Obama’s signature brings an official end to a legislative process that began last March, when Representative Buck McKeon and Senator John McCain introduced bills designed to shift counterterrorism responsibilities from law enforcement to the military. (My previous column explains the legislative history of the NDAA’s detention provisions in greater detail.) These bills were grafted onto the NDAA, and revised, under threat of a presidential veto, in House and Senate committees.
But while the president’s signing statement includes several references that suggest that the new law, if interpreted broadly, might threaten core American values, Obama himself arguably helped open the door for this legislation earlier this year with his executive order on the indefinite detention of prisoners at Guantanamo.
When future historians inquire into how the practice of indefinite military detention without trial became formally entrenched in a country with such strong constitutional safeguards and stringent criminal justice guarantees, they will find that it did not happen all at once, but rather via a series of incremental steps. President Obama is now responsible for three of them.

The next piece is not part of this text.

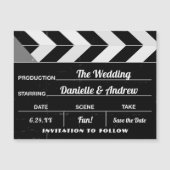 Filmkaartbord Zwart wit bruiloft Opslaan Datum (Voorkant)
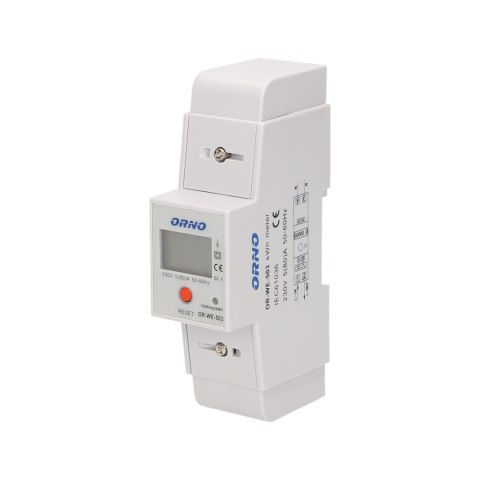 1-fazowy wskaźnik zużycia energii elektrycznej, 80A, dodatkowy wskaźnik, wyjście impulsowe, przycisk RESET, 2 moduły, DIN TH-35m 1-fazowy wskaźnik zużycia energii elektrycznej, 80A, dodatkowy wskaźnik, wyjście impulsowe, przycisk RESET, 2 moduły, DIN TH-35m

The first was to justify indefinite detention in litigation opposing the release of detainees held at Guantanamo; the second was to issue an executive order on indefinite detention, and the third was to sign the NDAA.
The Road to the NDAA
It was President George W. Bush, together with Vice-President Dick Cheney, Defense Secretary Donald Rumsfeld, and a host of other senior Bush administration officials who took the most radical and important steps toward establishing indefinite detention without trial as a mainstay of the US approach to fighting terrorism. But the Bush administration, preferring to act unilaterally, did not even bother to seek congressional sanction for its indefinite detention schemes. It established Guantanamo on its own, held American citizens without charge in the absence of a legislative mandate to do so, and fought judicial oversight tooth and nail.